Reflective Observation: Emphasizes watching, understanding and reflection versus practical application and action; impartial observation to understand meaning of ideas.
Abstract Conceptualization: Emphasizes thinking to feeling; focus on logic, concepts and theories, good at systematic planning.
Active Experimentation: Emphasizes doing and practical application versus observing; seeks to actively change situation and influence people, good at accomplishing tasks.
(Kolb, p. 68-69)
By applying this sequential model of learning to Will in About a Boy, we can chart his growth of character.
First, like novels, where introspection serves to give the reader insider information on a character’s thoughts and feelings, About a Boy uses voice overs by Will and another main character, Marcus (Nicholas Hoult), to achieve the same effect. These voice overs replicate the reflection/observation ingredient necessary to track each character’s movement through the learning process.
For example, it is during Will’s blind date, a concrete experience, with Angie that he tells us in voice over his realization that single moms could form a new and untapped source of ‘no-strings-attached’ dates. However, before Will can put his observation into practical application, he needs to find a source of single mothers. His brief abstract conceptualization stage results in the discovery of SPAT, Single Parents Alone Together, which he joins under false pretenses, inventing a two-year-old son of his own.
However, on his first foray into active experimentation, a date with single mom Suzie, her child and a friend’s son, Marcus, his visions of a pleasant afternoon are brought to an abrupt end when they find Marcus’s mother, Fiona (Toni Collette), unconscious after a suicide attempt.
This concrete experience doesn’t significantly change Will’s view of his life, only his interest in the single mom scene: “The thing is, a person’s life is like a TV show. I was the star of the Will Show and The Will Show was not an ensemble drama. … If Marcus’s mom couldn’t manage her own show, if her ratings were falling, it was sad, but that was her problem. Ultimately, the whole single mom plot-line was a bit complicated for me.”
Marcus, however, has other ideas: “Suddenly I realized, two people isn’t enough. You need a backup.” Not surprisingly, Marcus chooses Will as his preferred backup person, despite Will’s insistence that: “I didn’t mean anything, about anything, to anyone. And I knew that guaranteed me a long, depression free life.” Will’s apathy about life in general works against him as Marcus keeps battering him with concrete experience after concrete experience during his visits to Will’s home.

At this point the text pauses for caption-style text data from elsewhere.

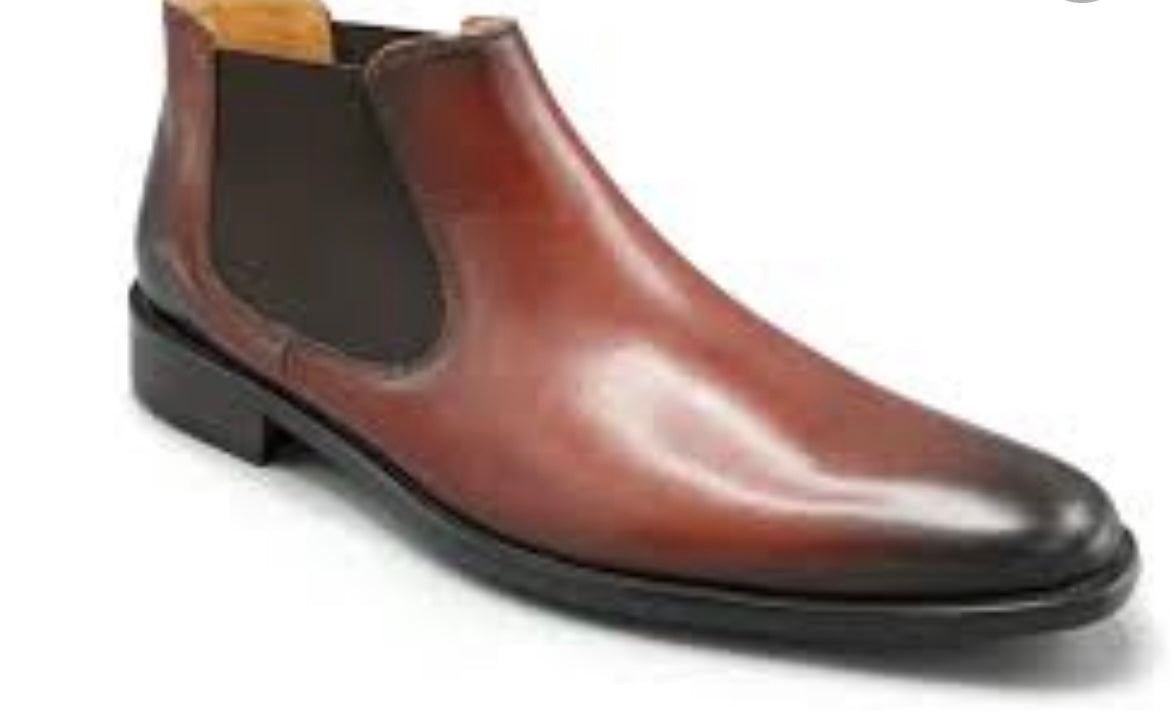 CUT ANTHONY CHELSEA BOOT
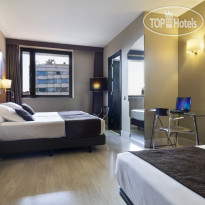 Acta City 47 Hotel
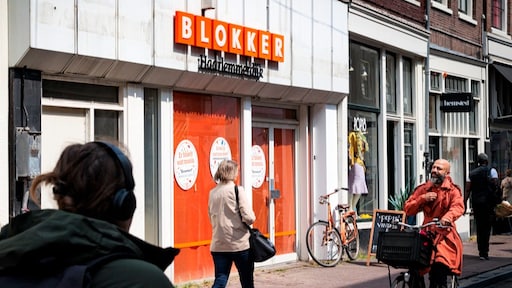 Dreun voor nieuwe eigenaar van Blokker: meeste franchisenemers willen niet mee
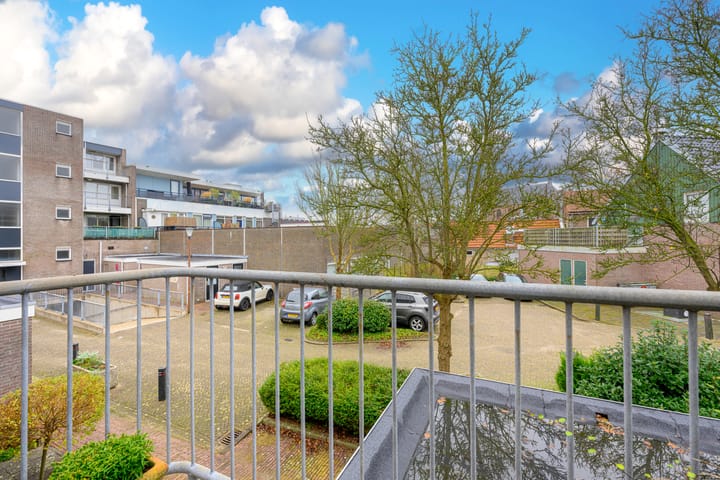 Foto 15 van Noordplein 16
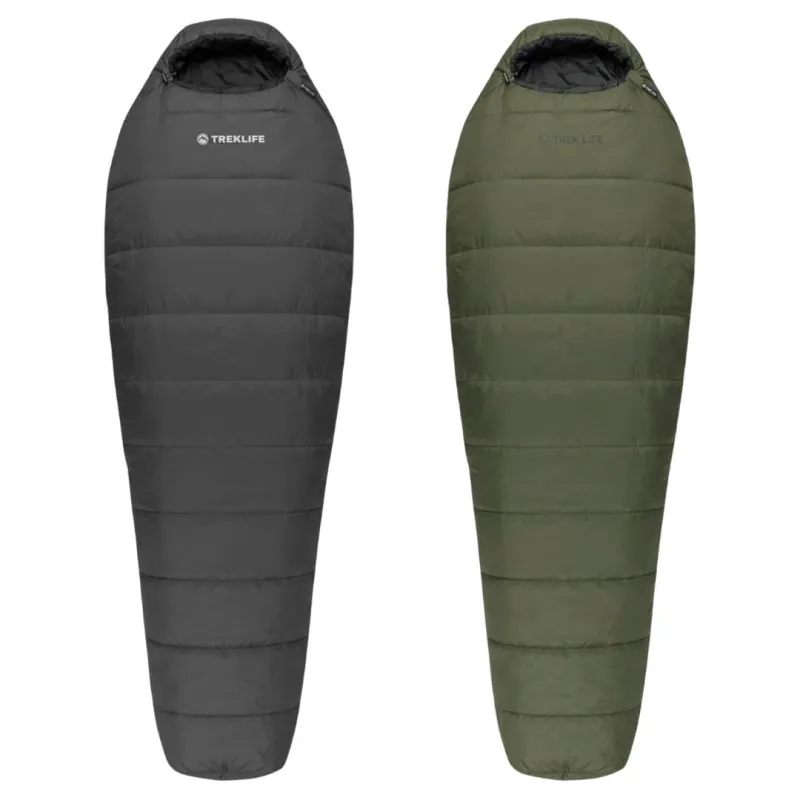 Sovepose - Treklife Peak 3S - 3 sæsons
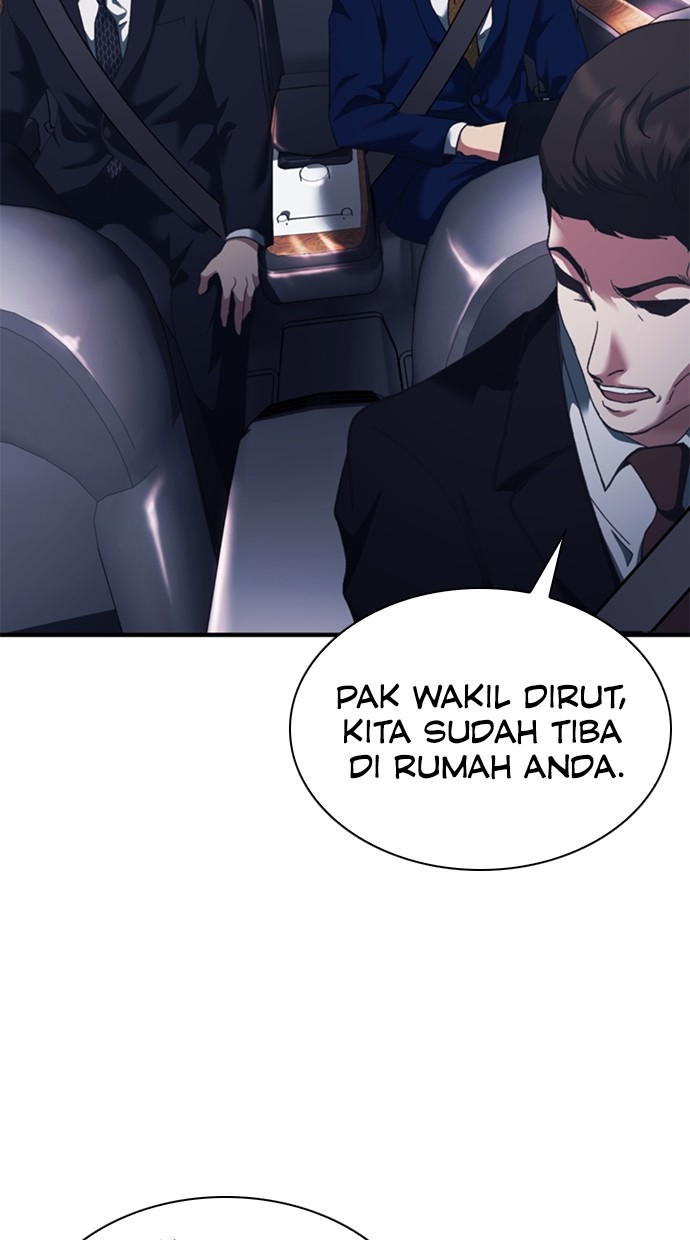 Chairman Kang, The New Employee Chapter 51 - halaman 118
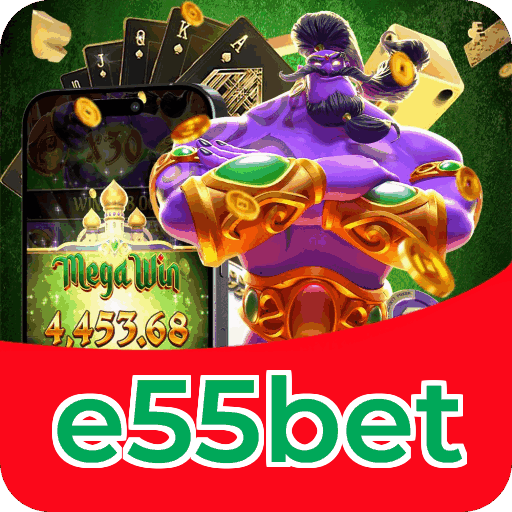 Reload Bonus e55bet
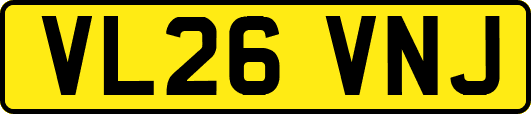 VL26VNJ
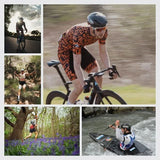 Nrgy Drink 90 Blood Orange Limited Edition Kohlenhydrate Energie Triathlon Laufen Radfahren Nduranz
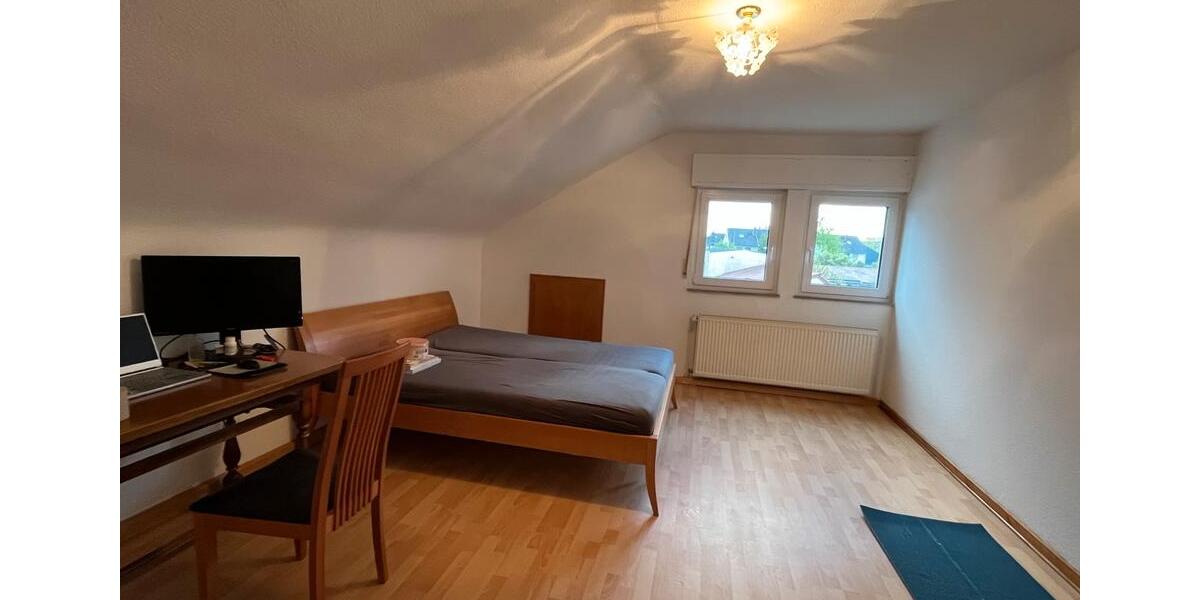 Wohnen auf Zeit Düren Rölsdorf - 350&euro; | Angebot:26271106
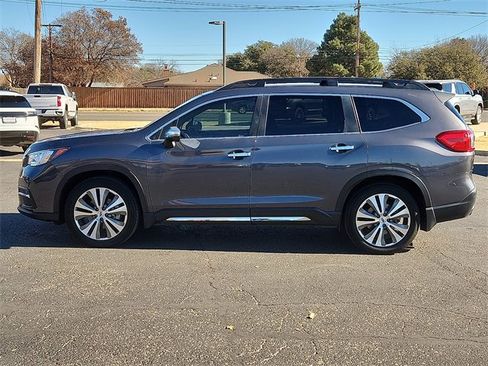 Used 2019 Subaru Ascent Touring w/ Popular Package #3 image 2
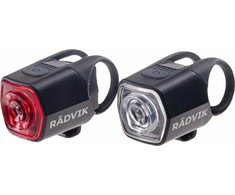 Apšvietimas Radvik LYRA SET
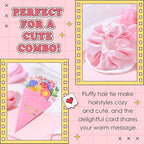 Gift Baskets for Women Unique Birthday Gifts for Women Self Care Cheer Up Gifts - Image 6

It isn’t until Fiona confronts Will in a restaurant over her son’s clandestine visits to Will’s house in the afternoons, that Will comes face to face with the fact that his life has changed.
Will: “But I’m on my own. It’s just me. I’m not putting myself first because there’s nobody else.”
Fiona: “Yes, yes there is. There’s Marcus. You’re involved now. He keeps coming around your bloody house. … You can’t just shut him out. You can’t shut life out. No man is an island.”
In other words, without his realizing it, the ‘mainland’ has attached itself to Will. As a result, Will is thrust into another active experiment, Christmas with Fiona and Marcus, during which he is forced to reflect that: “…I had a strange feeling I was enjoying myself. I’d never really enjoyed Christmas before. … But, Christmas at Marcus’s, well, I’m ashamed to say it gave me a warm, fuzzy feeling.”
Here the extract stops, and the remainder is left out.